I'm finishing a web application and preparing for the possibility of 10 million active users each year. I'm looking at one table in MySQL that will have 100's of rows per user. I'm a programmer not a DBA and thought duplicating that table structure 50 times could work. Each User would be assigned a permanent table decided by their user_id. Those tables would not JOIN or connect with each other but will JOIN with a few other tables. This is only to manage the very large number of rows expected. Is this a valid design or am I missing something? While researching I see Partioning mentioned. Should I be looking into that? Below illustrates what I have in mind. Thank you.
User
=======
1 John
2 Adam
3 Jane
TableNum = ceiling( user_id )
Table1 ... Table50
======= =======
Plan A: Single server
A single server can handle 10M users with a total of 1B rows of data. I will give you these tips:
CREATE TABLE users (
user_id INT UNSIGNED NOT NULL AUTO_INCREMENT PRIMARY KEY,
name ...
etc...
) ENGINE=InnoDB;
CREATE TABLE the_billion_row_table (
user_id INT UNSIGNED NOT NULL,
id BIGINT AUTO_INCREMENT,
etc...
PRIMARY KEY (user_id, id), -- to 'cluster' rows for a user
INDEX(id) -- to keep AUTO_INCREMENT happy
etc...
) ENGINE=InnoDB;
This slightly-odd combination of PKs will help optimize all the queries that include
WHERE user_id = ? AND ...
Splitting the data into 50 tables is not beneficial; do not do it. Ditto for PARTITION
.
Plan B: "Sharding" across multiple servers.

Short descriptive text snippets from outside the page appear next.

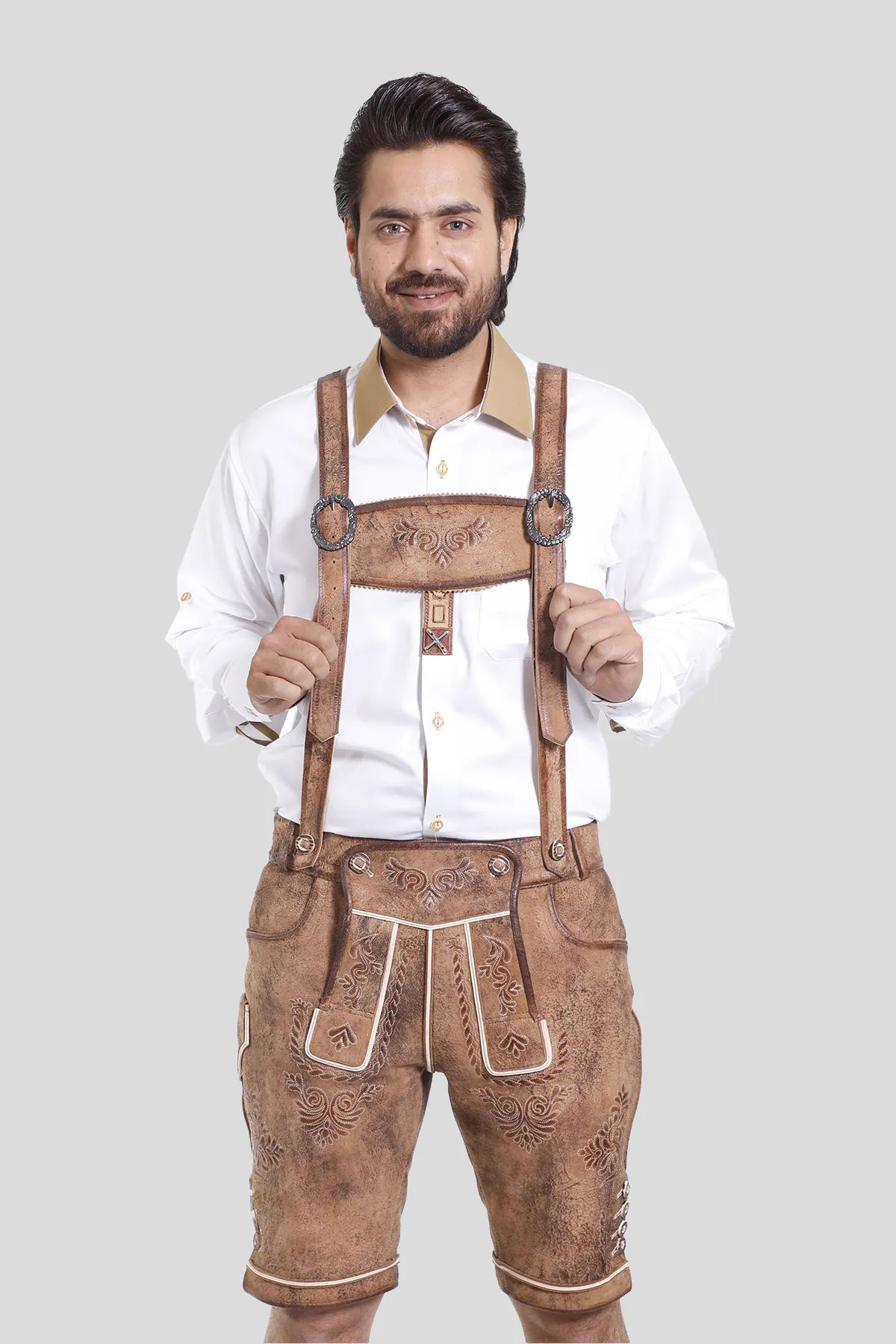 Traditional Lederhosen Men Suspenders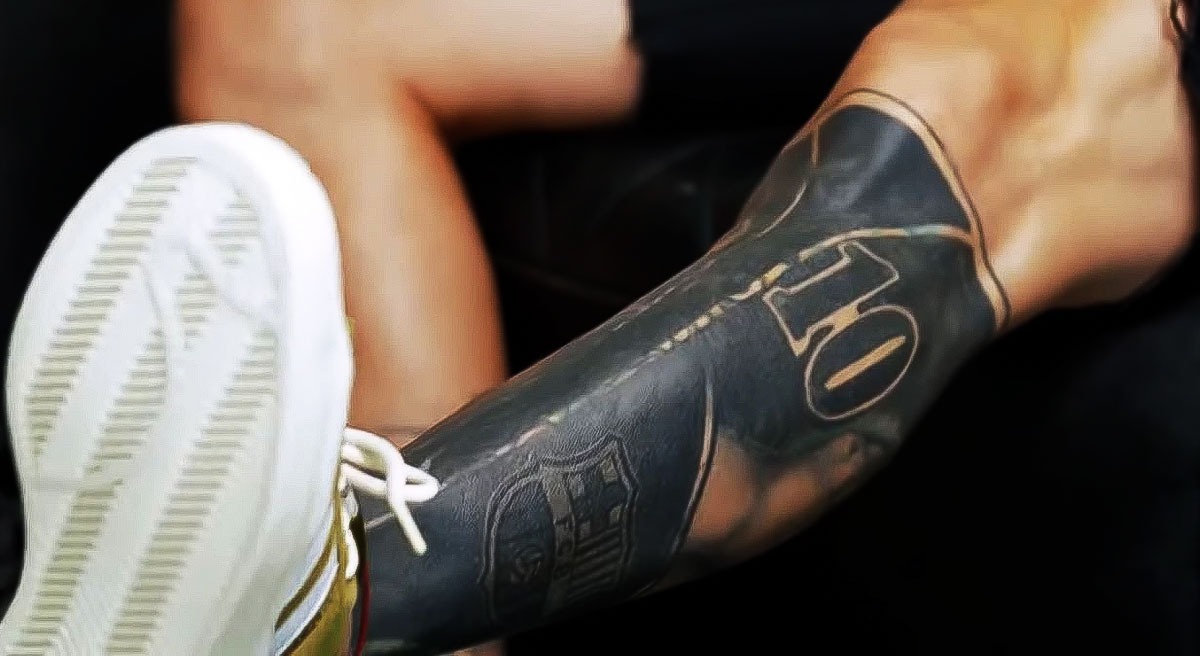 Lionel Messi opens about his 'black leg' FC Barcelona tattoo, WATCH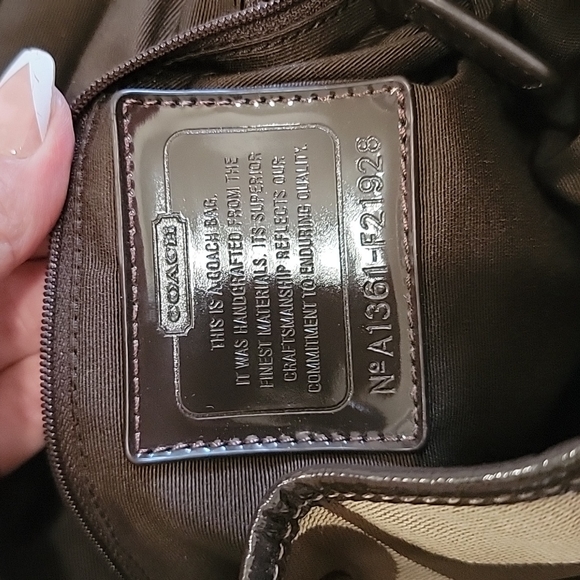 Coach Signature Jacquard Backpack 🎒 - Picture 9 of 11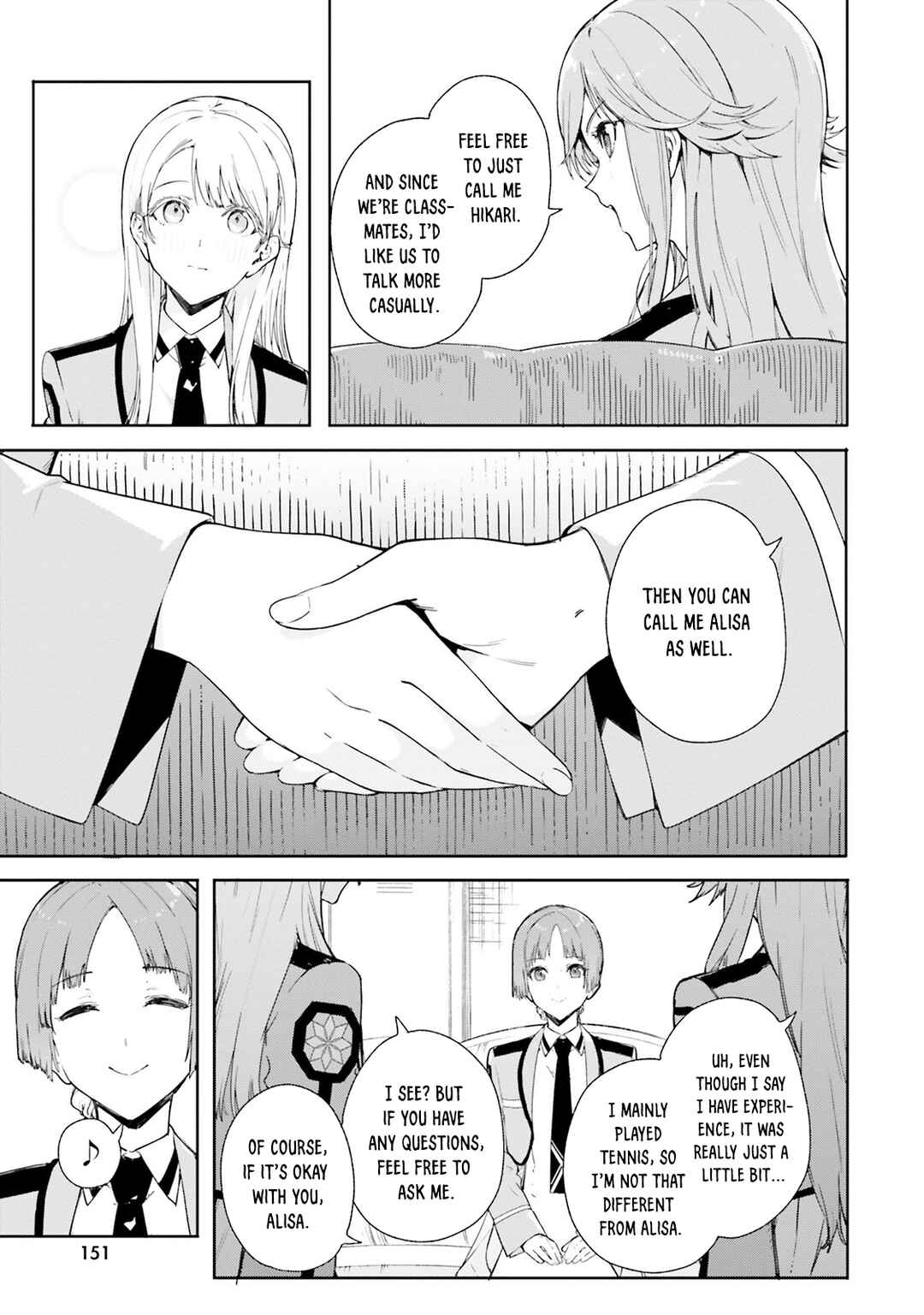 Page 8 Chapter 9 Shin Mahouka Koukou no Rettousei - Cygnus no Otome-tachi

When the traffic is too much for a single server, and you have done other optimizations (such as in Plan A), "sharding" is likely to be the solution.
This is where some of the users are on each of several servers. (You will unlikely need 50, but I will use that for discussion.)
To find where the user is, there must be some kind of "proxy". This can either be a proxy server that is available for free or purchase, or it can be homegrown, or it can be built into the client code. This is similar to your "pick which of 50 tables" but it is now "which of 50 servers".
Sharding makes it very difficult to do queries across multiple users. If you need that, we need to start over in the discussion.
Since one user may grow and another may shrink, there is a "balancing" problem. This can be solved by moving users between shards (lots of had-crafted code) or by not filling up a shard but instead preemptively spinning up a new shard.
Mapping user_id to shard number can be done in several ways. A purely "algorithmic" (modulo or hash) mapping has the problem of exacerbating the "balancing" problem. A "dictionary" approach requires some form of lookup to discover which server contains the data for the user as they login.
Further discussion of sharding is beyond the scope of this Q&A.